Editor's note: China's Premier Wen Jiabao this month cut China's economic growth outlook this year from a long-held 8 percent to 7.5 percent. The announcement has economists buzzing. Here's what some of them had to say.
We raise the expectation for China's economic growth this year to 8.6 percent from 8.3 percent, mainly due to three reasons.
(1) Our global team has raised its growth forecast for the US and Japan this year and sees China's PMI sub-index for new export orders rising. Those encourage us to raise China's export growth from 8 percent to 13 percent this year.
(2) Smaller businesses that account for 70 percent of employment in the industrial sectors are improving.
(3) The impact of the cooler property market on China's economy was not as serious as we used to think.
PMIs (which measure the activity of purchasing managers) in the US, Japan and Europe have been improving in recent months. Based on our experience, every 1.5 percentage point increase in the weighted average economic growth indices for the three countries will lead to a 5 percentage point increase in China's exports.
Our global team in February raised Japan's economic growth forecast from 0.7 percent to 2.5 percent, and for the US, from 2.4 percent to 2.7 percent. That will lift China's export growth by 4 to 5 percentage point this year.
Compared with the third quarter last year, the commercial environment for small businesses in China has improved significantly. They altogether account for more than 90 percent of industrial companies. Improved liquidity, easing price pressures on raw materials and a recovery of export orders drove the PMI index for smaller companies to a two-year high of 55.2 in February.

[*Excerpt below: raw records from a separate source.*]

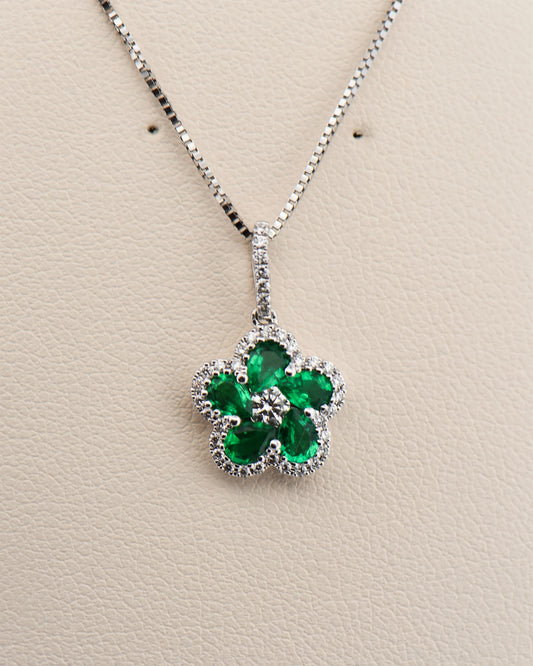 Modern Emerald & Diamond Flower Pendant in 18k White Gold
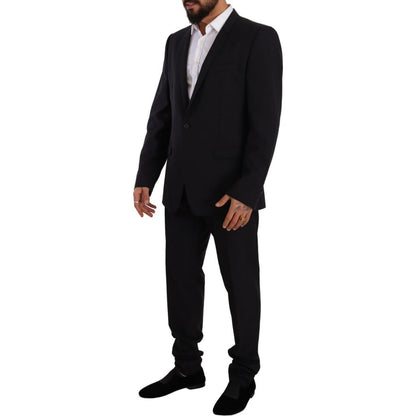 Dolce & Gabbana Blue GOLD Wool Single Breasted 2 Piece Suit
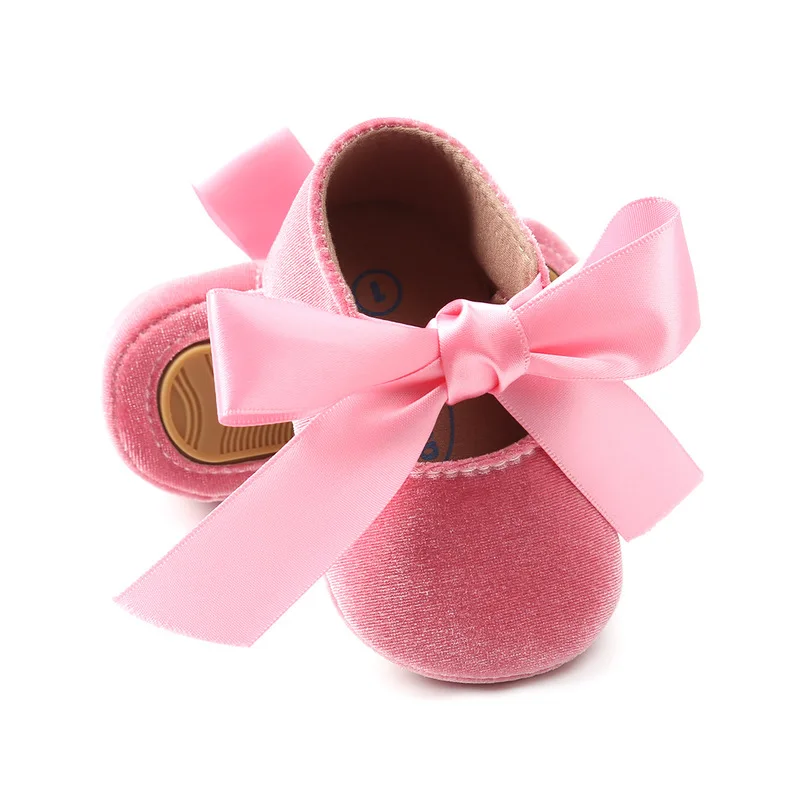 

Newborn Baby Girls Shoes First Walker PU Princess Bowknot Ribbon Dress Shoes Anti-slip Rubber Sole Toddler Crib Shoe Moccasins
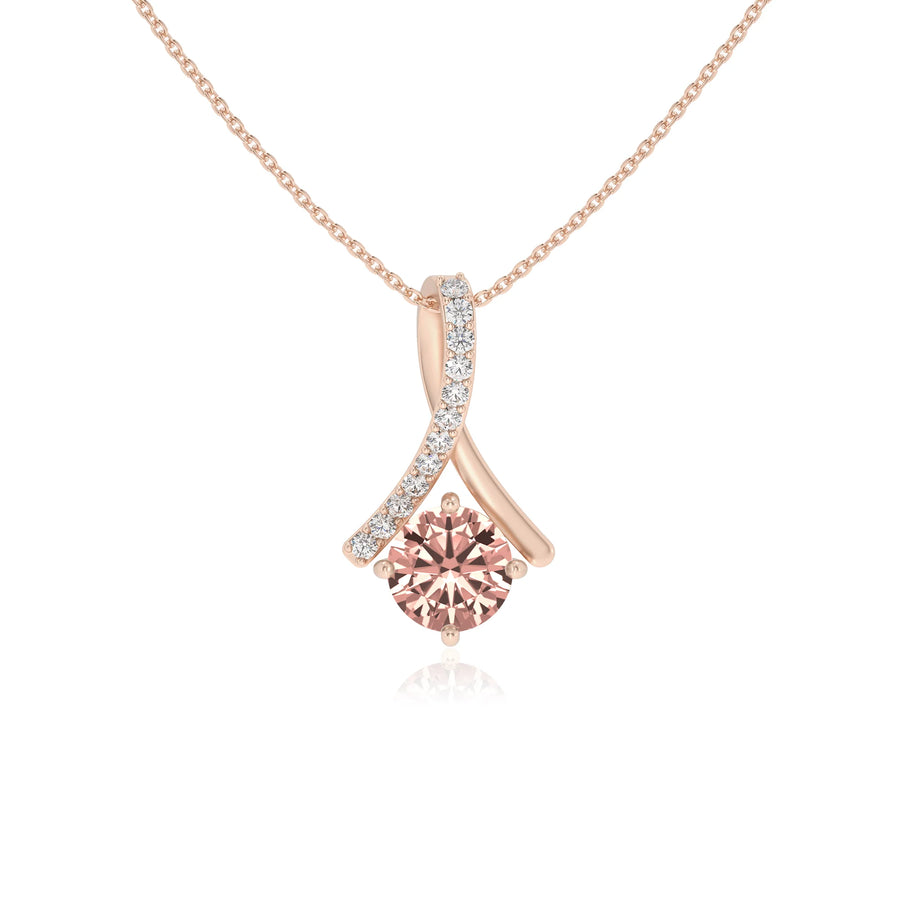 lab grown morganite round solitaire necklaces in rose gold 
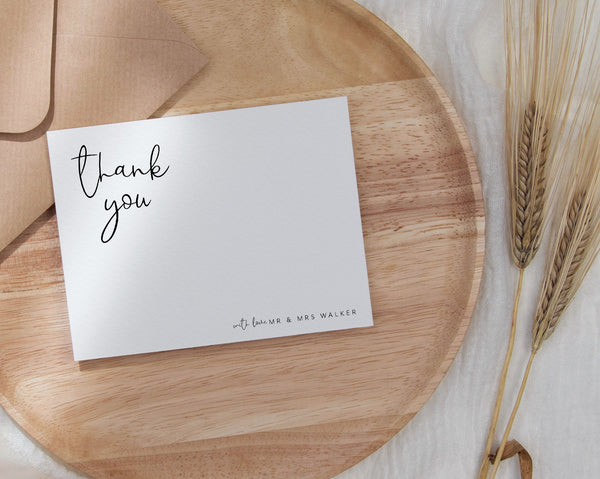 Thank You Cards, Wedding Thank You Cards, Thank you Cards Printable, Thank You Card Template, Minimalist Wedding Template, Kinsley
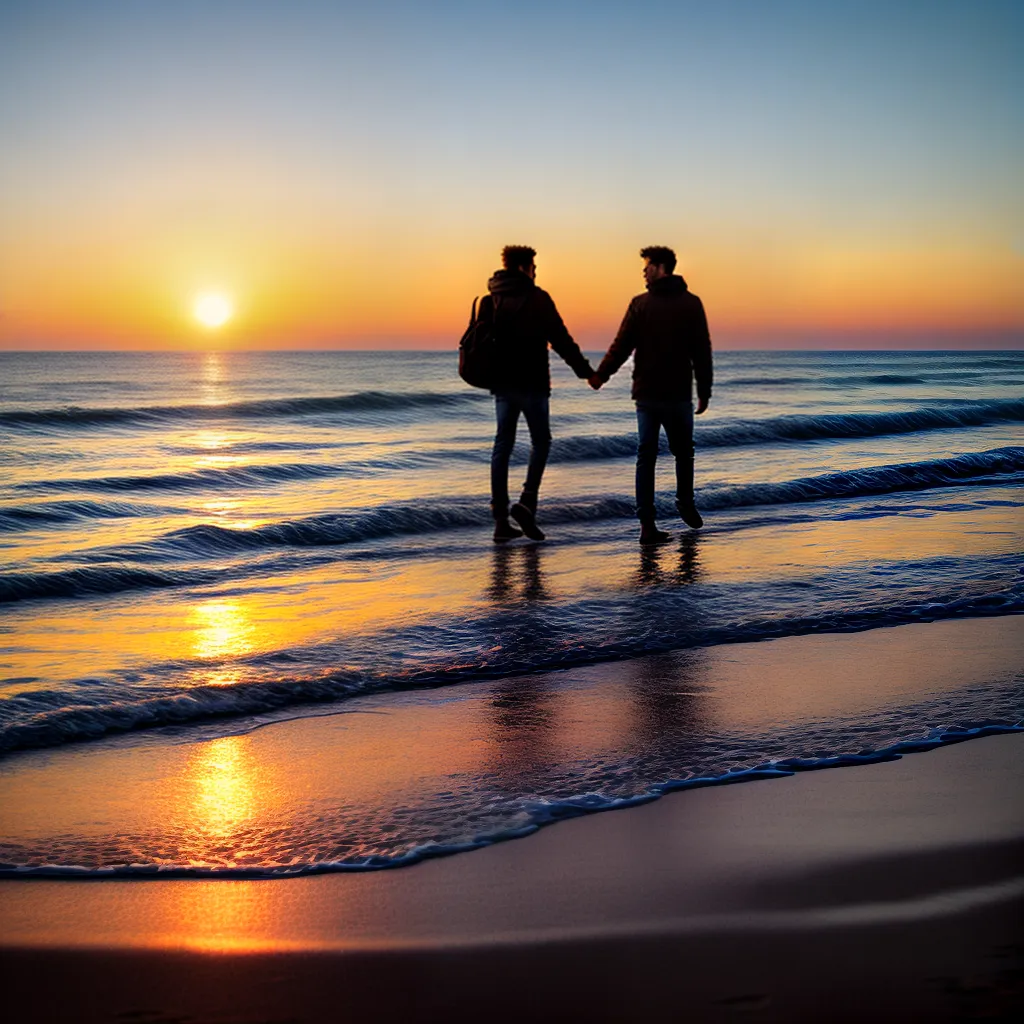 casal maos praia por do sol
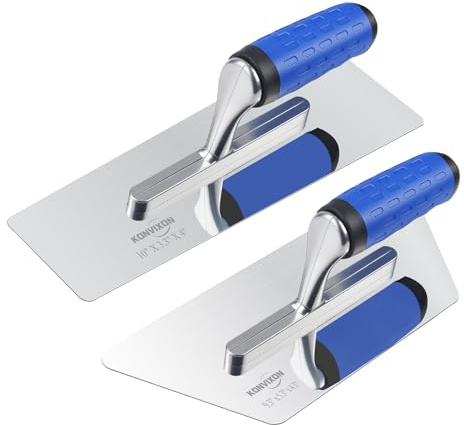 Konvixon 2 Sizes Venetian Plaster Finishing Trowel Set, Trapezoid Blade with Rubber Handle,Polished Stainless Steel Plastering Trowel for Stucco Tadelakt Marmorino & Microcement Decorative Wall Finish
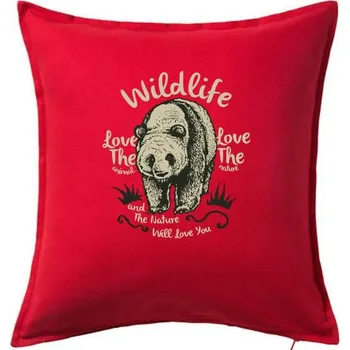 Polštář Wildlife medvěd - Polštář 50x50 - 50x50 - Včetně výplně ( Červená )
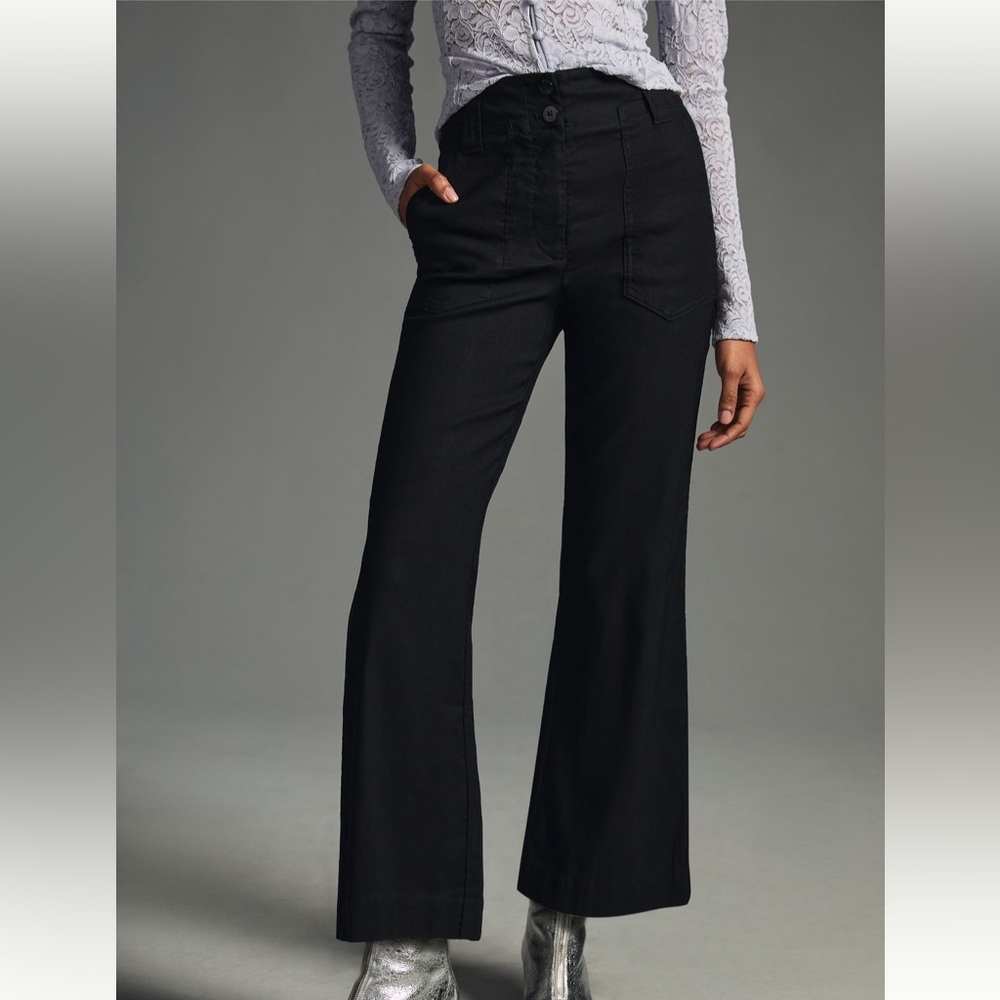 Anthropologie Maeve Naomi Cropped Wide Leg Flare Pants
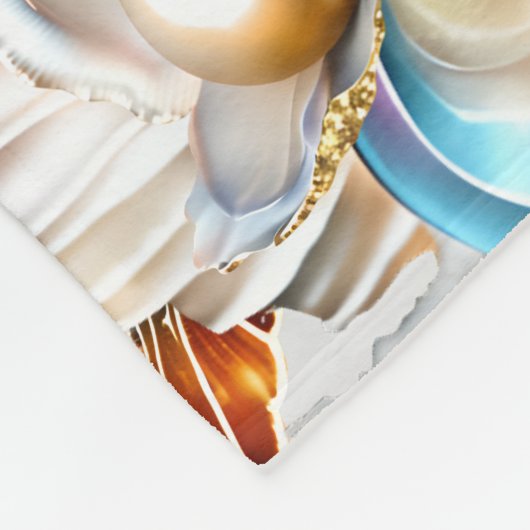 Nautische schelpen collage patroon shell chic fleece deken (Hoek)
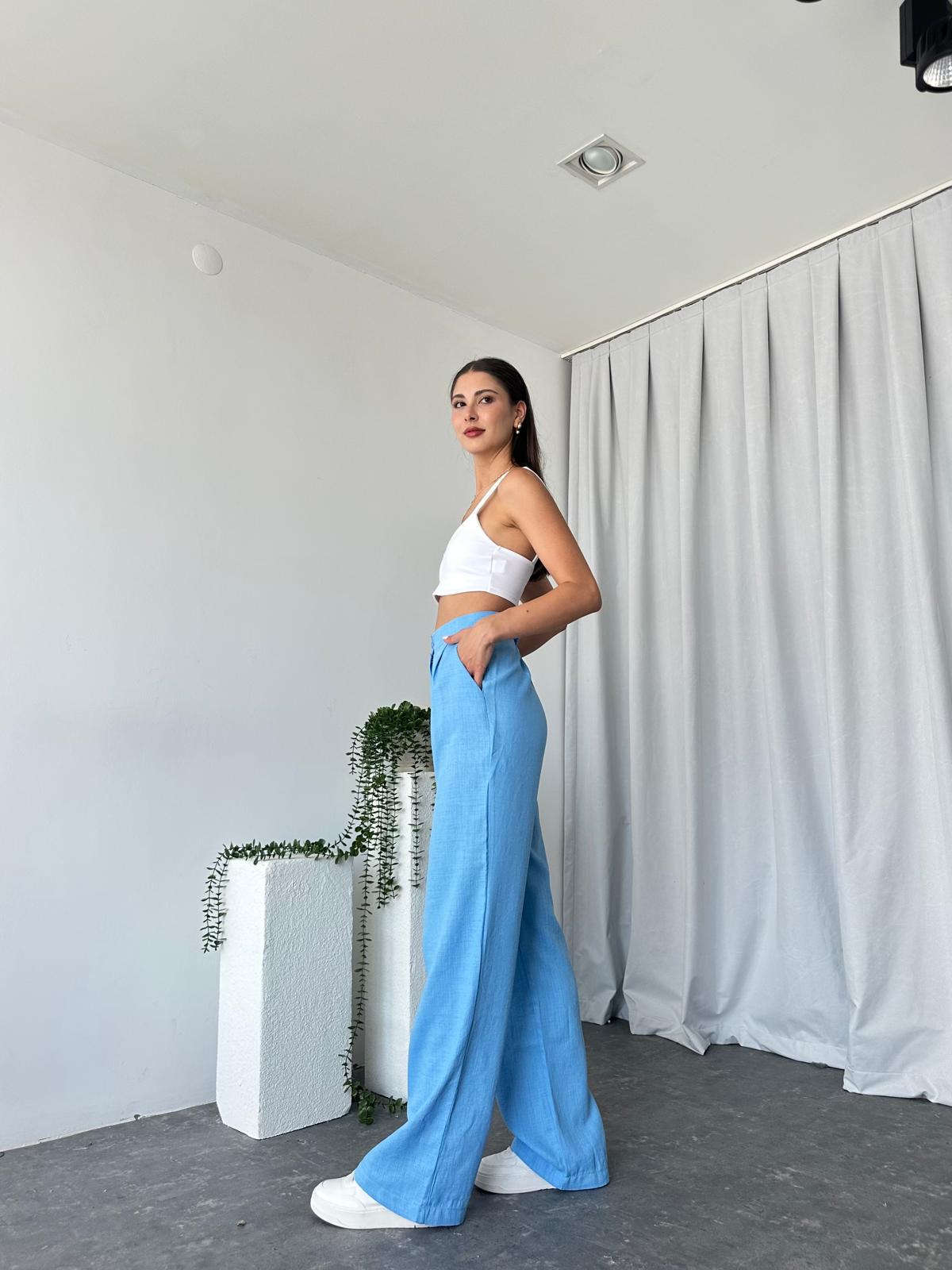 Bebek Mavisi Keten Pantolon - Görsel 8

Besides, we expect regulatory extension for several hundred billion yuan of local government debt, which will indirectly improve liquidity for smaller businesses.
The correlation between the decline in the property market and the economy has been proven weaker than we previously thought. With a stable inventory in the industrial sector and the absence of any sharp slowdown in exports, the link between property controls and a manufacturing slowdown is weaker than the property slump of 2008.
Though growth in new residential construction in the last four months of 2011 eased 55 percent year on year, that slowdown will drag this year's gross domestic product down by less than 1 percentage point.